Going into a nearby town, Kit, Dave Calvin's accomplice in a bank heist, mentions that she has watched an Alfred Hitchcock movie. As James Hadley Chase published I Would Rather Stay Poor in 1962, that means the writing and publication of the novel would have taken place sometime before Hitchcock's The Birds (1963) but immediately after Pycho (1960). So Psycho would likely have been on the mind of Chase and any reader during the time of I Would Rather Stay Poor's appearance. And a psycho is what we have with the story's protagonist, Calvin. It's not so much that the novel is filled with murders and grisly descriptions of them. It's not. There is only one direct murder. The rest of the deaths come as a result of suicide and essentially happen "out of sight" of the reader. This is in contrast to Chase's early works which were lingering and graphic as killers would build up a body count. Here, Chase is doing something a little different.

What occurs in I Would Rather Stay Poor is sketching out the psychology of the two key characters, Calvin and his accomplice/fiance, Kit. The alcoholic Kit, who has been on the wagon, begins a quick process of disintegration that Chase documents throughout. But it is the psychotic Calvin who is most interesting. For what Chase does is tie his killer's psychotic and sociopathic tendencies to his experience of killing Japanese soldiers during World War II. Calvin kills lightly because the war taught him how to do so while severing him from the normal connections that being part of a community are all about. Thus this is a work that, albeit briefly, deals with the murderous after effects of combat fatigue--or, as it would soon become known after Vietnam, PTSD. Yes, Calvin is sort of an early version of a criminal Rambo.
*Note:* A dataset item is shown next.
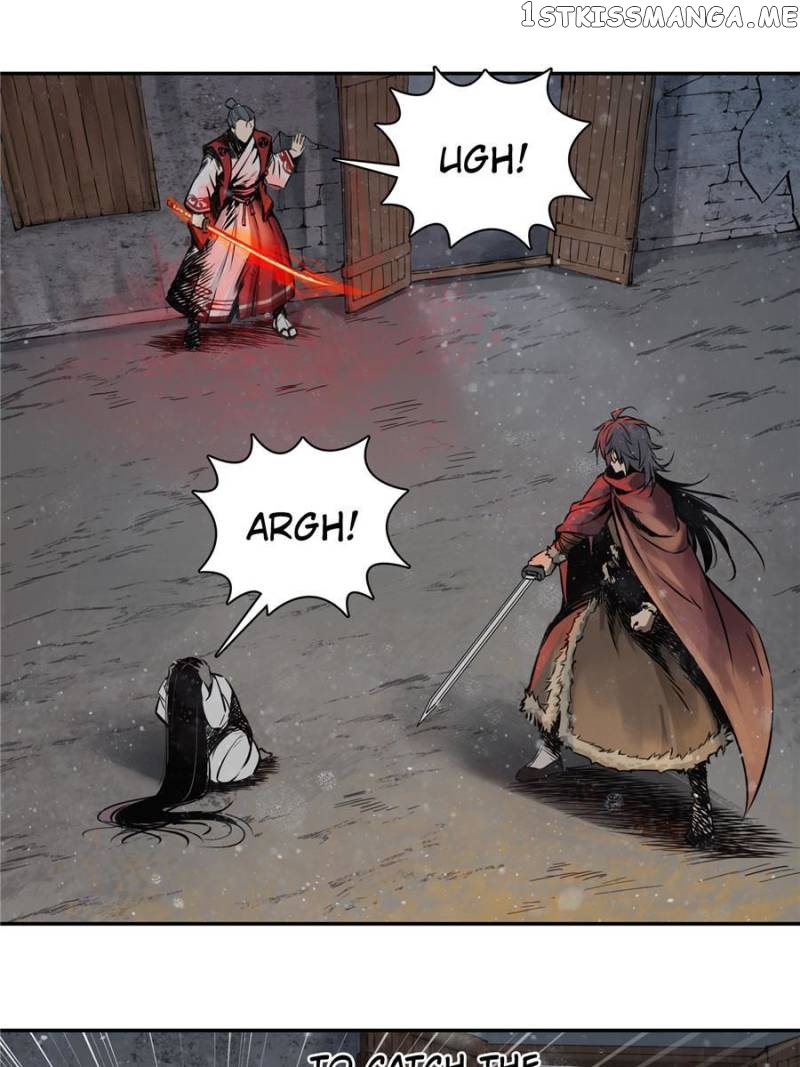 All starts with Ubume Chapter 47 - page 2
Otherwise, only a few problems. I realize Chase is writing for an audience expecting Britishisms. But, really, when he creates mental or actual dialog, it is a jolt to see things such as Americans referring to "sideboards," when absolutely no one would use that term, instead using the proper word, "sideburns." Too, as someone who took up tennis at age eight, just a year after this novel was published, I cannot imagine an American tennis facility, country club or otherwise, that offers up a tea pavilion. You might get tea, but it would only be iced tea, not the British variety. I think the reliance on these Britishisms is the reason Chase failed in America. It's just too awkward for most American readers to come across these passages. Imagine, on the other hand, for example, if Miss Marple were suddenly to start talking like Mae West, "come up and see me, sometime, big boy." That's the effect Chase has on American readers.